What does the metaphor represent? Anger is a relational word. If we are angry, we must have an object of our anger — someone with whom we’re angry. Since anger cannot properly refer to something in the Trinity — for unchanging God has no eternal anger — it cannot refer to God’s eternal relations. It must, then, speak of a temporal relationship between God and man. Saint Thomas is helpful here: “Thus with us it is usual for an angry man to punish, so that punishment becomes an expression of anger. Therefore punishment itself is signified by the word anger, when anger is attributed to God…. [Still,] anger is never attributed to God properly, since in its primary meaning it includes passion” (Summa Theologica, 1.19.11, c).

Divine wrath, anger, and punishment are terms that help us to understand the actions in our lives, and in history, by which God achieves justice and restores order. But these are not the ragings of a “hanging judge.” They are, rather, the instrument of His mercy and kindness. God’s punishments are like the chastisements of a loving father, or the press of the shepherd’s rod and staff that guide us in right paths. They are remedial, restorative, redemptive, medicinal. Said Saint Paul: “God’s kindness is meant to lead you to repentance” (Romans 2:4).

God’s anger has been defined as “the greatest disasters and blows which may strike people as the outcome of sin, as `punishment’ which is bound to sin because God has willed it.” Saint Paul said: “We know that the judgment of God rightly falls upon those who do such things” — that is, who sin (Romans 2:2).

God often punishes us in ways we do not expect. But His punishments are never vindictive or arbitrary; they are the inevitable consequences of our free choices. Indeed, His punishments — even the ultimate and everlasting punishment of hell — are the very safeguards of human freedom and assurance of divine love. For no love can be coerced. We must be free to choose God’s love or — tragically, ultimately — to reject it. If we did not have the option of choosing sin and hell, we could not have the freedom of truly choosing and loving God. If God did not permit us to say no to Him, our yes would be worthless, the programmed response of a machine.

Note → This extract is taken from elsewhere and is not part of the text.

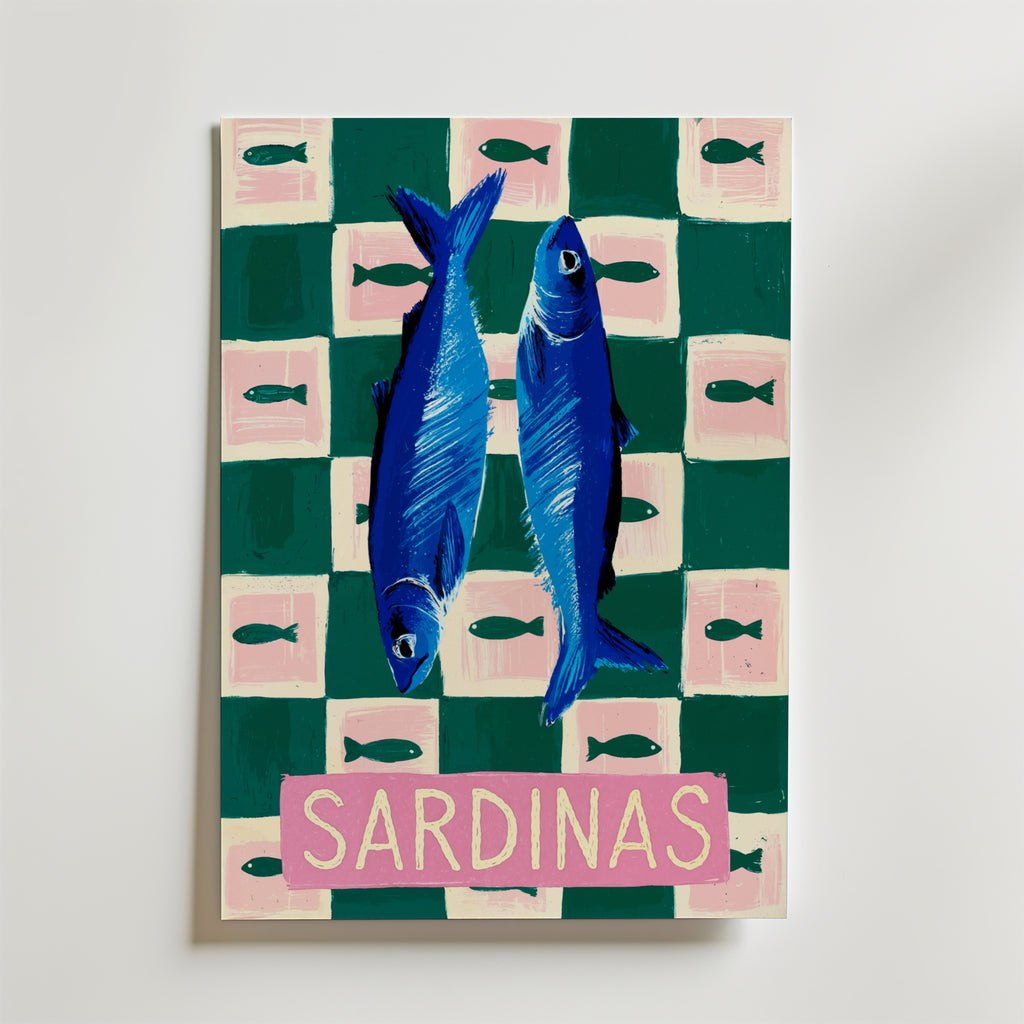 Bozetto Sardinas Fish Poster föreställer två blå sardiner på en grön och rosa rutig bakgrund med svarta fiskikoner och texten "SARDINAS", en blandning av popkonst och nautisk affischstil.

We have to face the fact that when we sin and opt for something instead of God, we’ll get what we choose.

Unfortunately, because we must make our choice using faculties weakened by concupiscence, it will always be a struggle. Concupiscence can only drag us in one direction: downward, away from God. Moreover, its gravity is overwhelming, overpowering us body and soul.

We can begin to overcome concupiscence through self-mastery and self-denial — indeed, we must do so — but even that is not enough. We need the help that only God can give: the grace He dispenses freely in the sacrament of penance. That grace works with divine and creative power; it creates anew the heart that sin has disordered, disfigured, and disgraced.